We all have a
story to tell but its only when you listen and watch human stories from
countries in central and eastern Europe such as the one I have been
watching of one man's
life. A Tatar from the Crimea, a life full of
labour camps first under the Germans and then, after the war under the
Russians do we realise how lucky we have been.His whole life caught up
in the turmoil that was Europe in the 20s 30s 40s even the 50s a flow of
political events that caught him and swept him away for the major part
of his life.
How we take for granted our ability to choose as if its
a birth right. Our world would come crashing down if we were
conscripted without a by-your-leave without recourse to say yay or nay,
stripped from family and friends herded onto trucks and shipped
thousands of moles away to be brutalized by a totalitarian regime who
considered you as less than human. Thousands, millions of people mostly
men were used as part of labour intensive schemes in which they were
not recognised as human beings, only units of labour.
Mankind is
always on the cusp of some program to create for the instigator untold
wealth and power which on the drawing board, humans become
microscopically insignificant.

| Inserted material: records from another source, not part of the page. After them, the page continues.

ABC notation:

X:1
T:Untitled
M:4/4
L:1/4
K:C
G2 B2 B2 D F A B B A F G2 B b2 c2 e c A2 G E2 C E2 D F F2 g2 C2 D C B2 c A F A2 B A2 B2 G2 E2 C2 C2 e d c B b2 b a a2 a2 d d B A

Their lives coming to an end they walk
the dusty roads, surrounded by simple two room houses empty of all but
the barest necessities, bent of back, bowed of limb they continue to
shuffle along indefatigable.
With our cars and ipods, our holidays
in Ibitha and our throw away culture, how remote from societies who now
send their young to work on the building sites in London. Its when you
meet and talk to these young men who's command of English is excellent,
who's skills and work ethic are commendable and who, as you speak to
them, in my case employ them, find you are left with a lot of respect
and quiet admiration for their tenacity.